## Work item
The reply must consist of the lines from the first line of the records through the line containing "Cat Washroom Litter", copied exactly, with every picture omitted.

## Records for this exercise
---

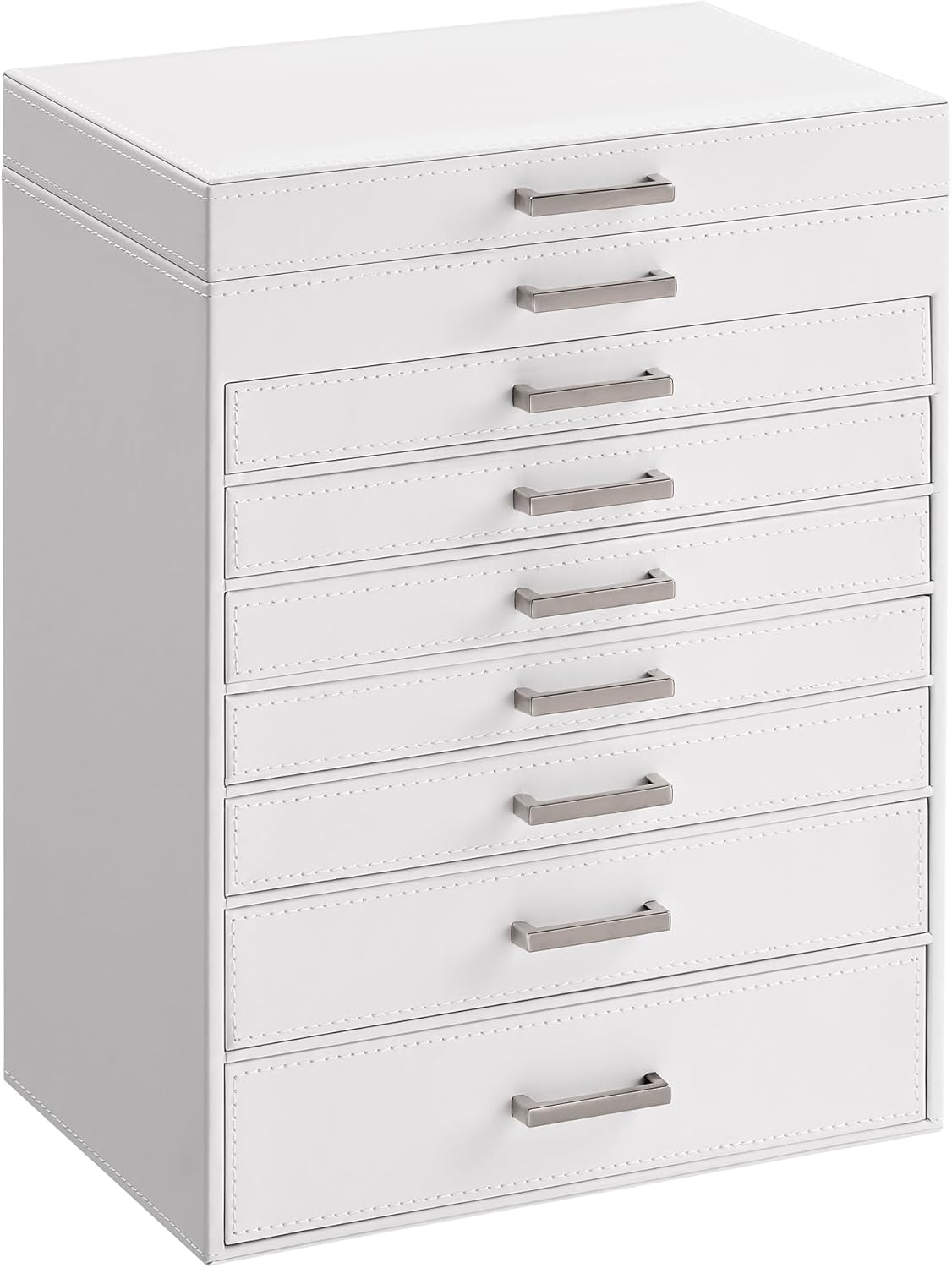 3-Tier Jewelry Box, Travel Jewelry Case with Handle, 2 Drawers, Lockable Jewelry Organizer with Mirror, Jewelry Storage, Modern Style, Gift for Loved Ones, White UJBC154W01
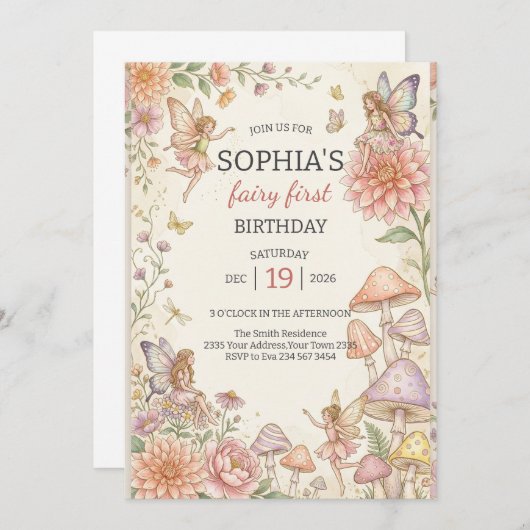 Whimsical Fairy Garden 1st Birthday 招待状 (正面/裏面)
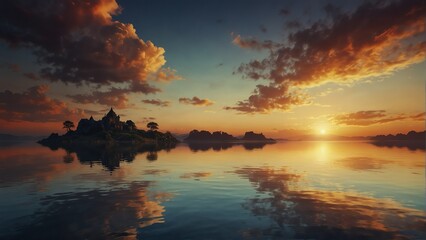Fototapeta na wymiar sunset sky and water fantasy landscape background from Generative AI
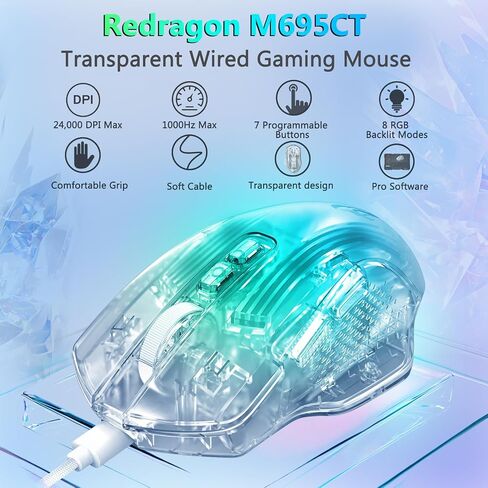 Redragon Wired Gaming Mouse, 24,000 DPI, 7 Programmable Button, 2 Side Buttons, 8 RGB LED Backlit Mode, Clear Transparent Shell, Light up Gamer Mice, Soft Cable for PC/Mac/Xbox, White in Saudi Arabia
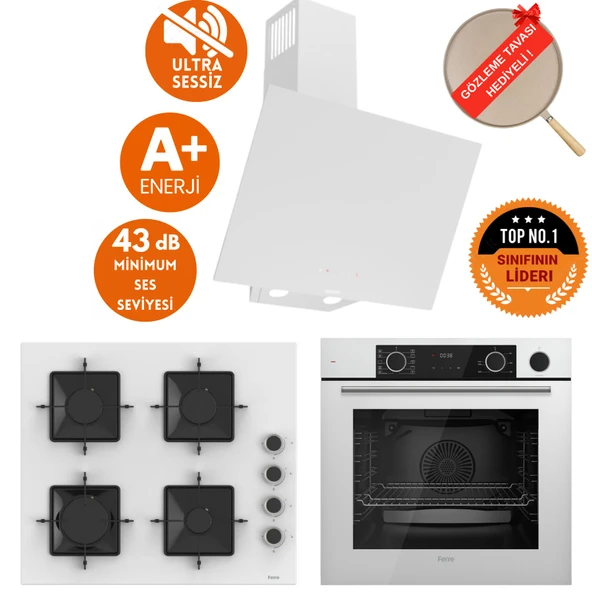 Ferre FryART & SilentArt ROYALATE / Sessiz Beyaz Ankastre Set ( D078-SA + XE64CB + SS206 ) ürün görseli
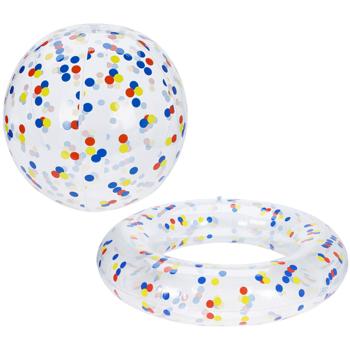 Preview: 2-teiliges Pool-Set mit bunten Punkten: Aufblasbarer Schwimmring Ø 105 cm und Strandball Ø 50 cm - Halbdurchsichtiges Design für Strand & Urlaub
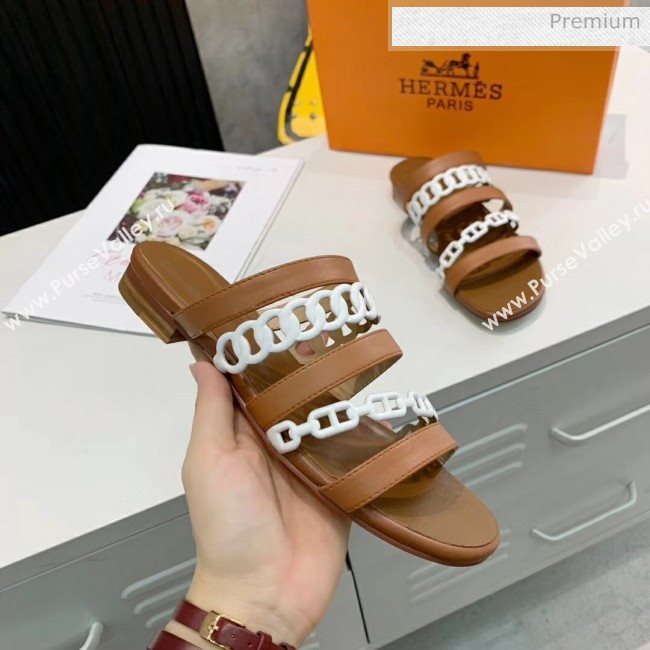 Hermes Leather &quot;Chaine dAncre&quot; Straps Slipper Sandal Brown/White 2020 (ME-20042055)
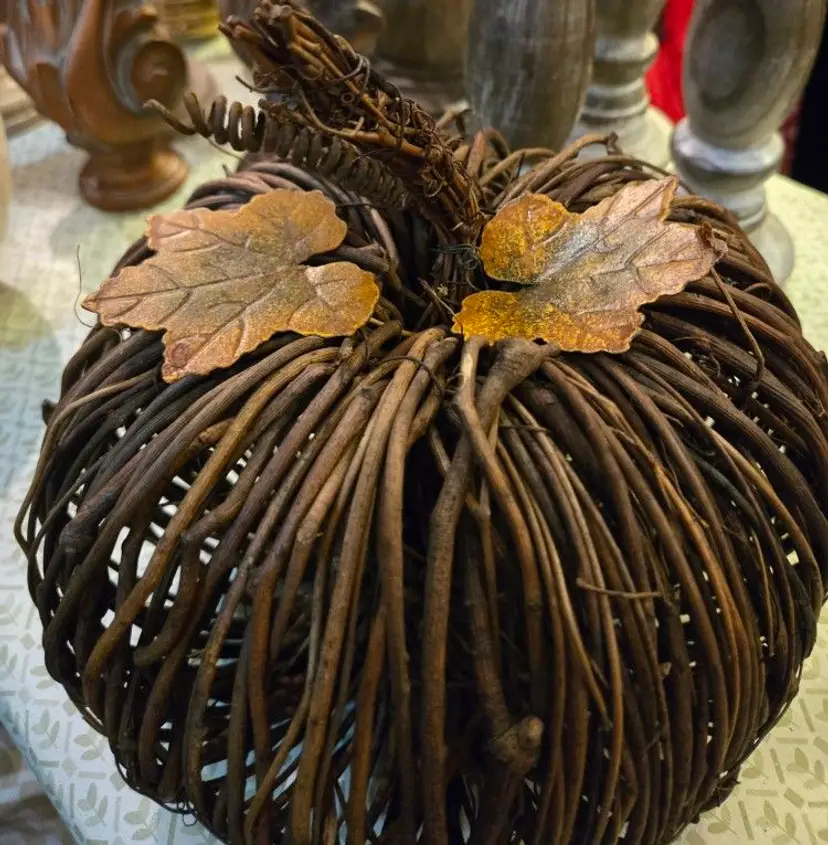 Large Rustic Stick Pumpkin With Metal Leaves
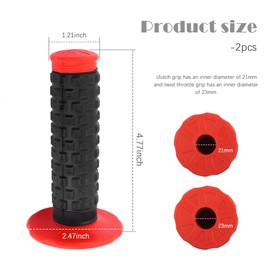 Dirt Bike Grips,7/8'' Motorcycle Grips,Non-Slip Motorcycle Parts Motorcycle Handlebar Grips,PU Pro Taper Pillow Top Grips Dirtbike Accessory Parts for Handle Bar Grips (Red)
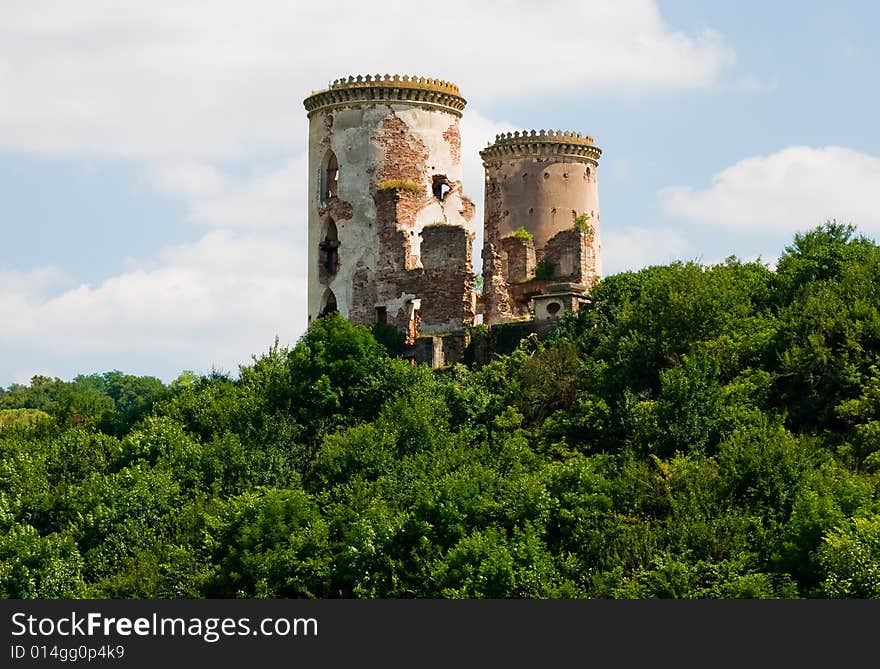 Old castle in ruins in Ukraine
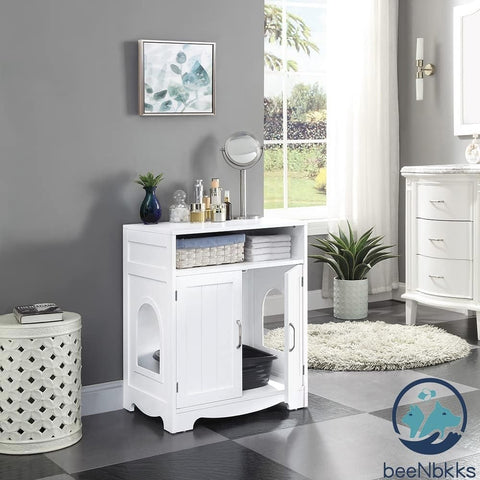 Cat Washroom Litter Box Enclosure – Hidden Cat House with Storage Shelf & 2 Doors
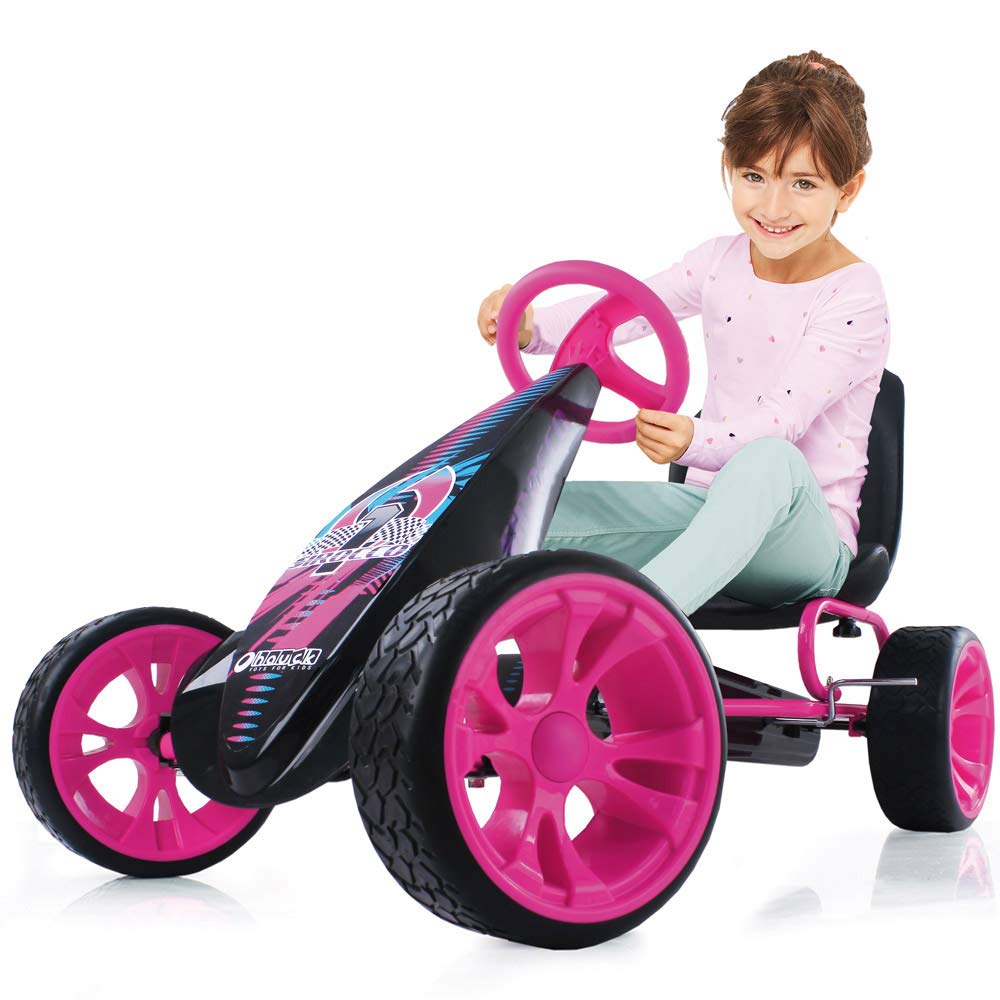 Hauck Sirocco - Racing Go Kart | Pedal Car | Low profile rubber tires | Pedal power auto-clutch free-ride | Adjustable seat - Pink, Large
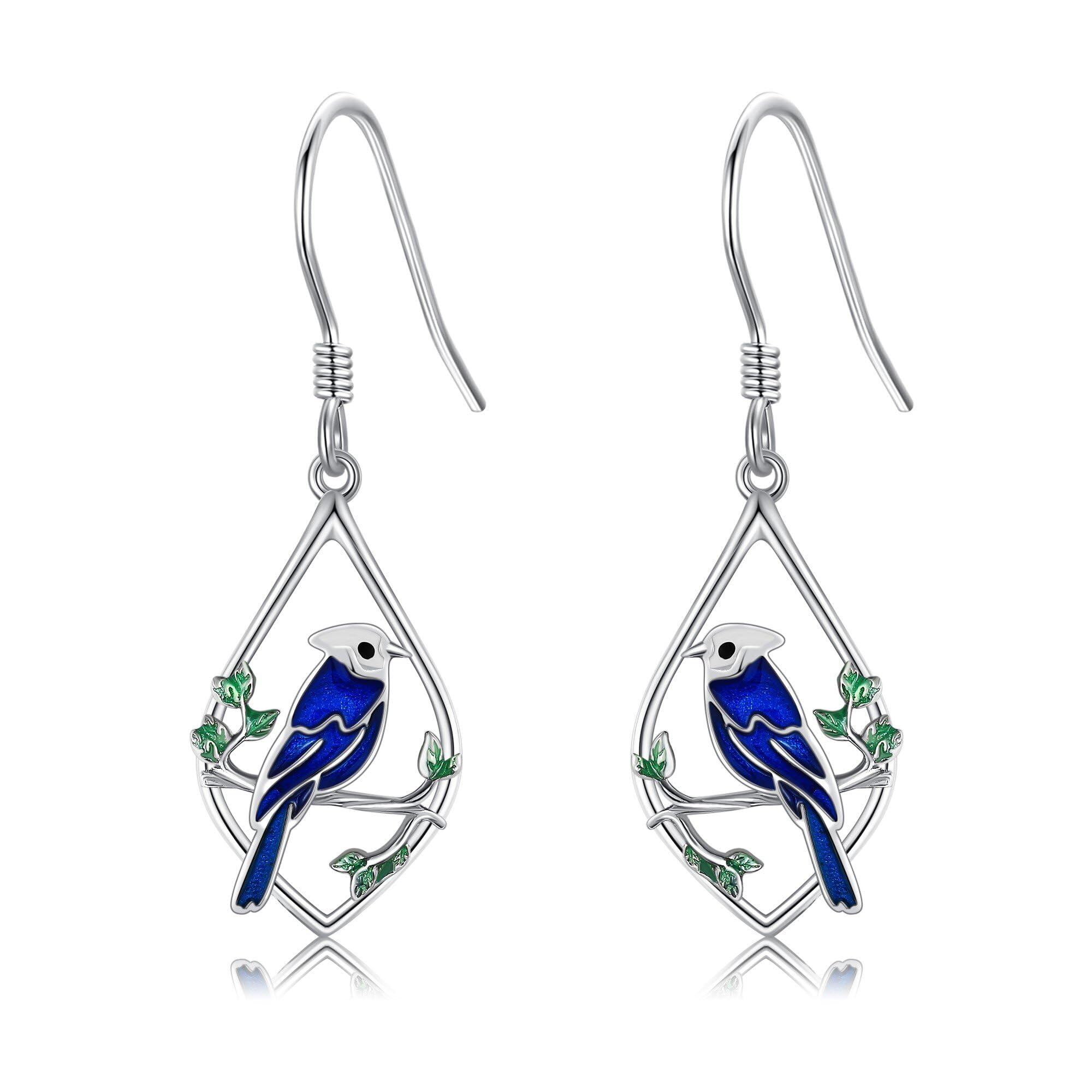 URONE Pendientes de plata de ley 925 con diseño de zorro, colibrí, flamenco, vaca, loro, joyería de animales, regalo para mujeres y niñas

---

## Written answer
 3-Tier Jewelry Box, Travel Jewelry Case with Handle, 2 Drawers, Lockable Jewelry Organizer with Mirror, Jewelry Storage, Modern Style, Gift for Loved Ones, White UJBC154W01
 Whimsical Fairy Garden 1st Birthday 招待状 (正面/裏面)
Fototapeta na wymiar sunset sky and water fantasy landscape background from Generative AI
 Redragon Wired Gaming Mouse, 24,000 DPI, 7 Programmable Button, 2 Side Buttons, 8 RGB LED Backlit Mode, Clear Transparent Shell, Light up Gamer Mice, Soft Cable for PC/Mac/Xbox, White in Saudi Arabia
 Ferre FryART & SilentArt ROYALATE / Sessiz Beyaz Ankastre Set ( D078-SA + XE64CB + SS206 ) ürün görseli
 Preview: 2-teiliges Pool-Set mit bunten Punkten: Aufblasbarer Schwimmring Ø 105 cm und Strandball Ø 50 cm - Halbdurchsichtiges Design für Strand & Urlaub
 Hermes Leather &quot;Chaine dAncre&quot; Straps Slipper Sandal Brown/White 2020 (ME-20042055)
 Large Rustic Stick Pumpkin With Metal Leaves
 Dirt Bike Grips,7/8'' Motorcycle Grips,Non-Slip Motorcycle Parts Motorcycle Handlebar Grips,PU Pro Taper Pillow Top Grips Dirtbike Accessory Parts for Handle Bar Grips (Red)
 Old castle in ruins in Ukraine
 Cat Washroom Litter Box Enclosure – Hidden Cat House with Storage Shelf & 2 Doors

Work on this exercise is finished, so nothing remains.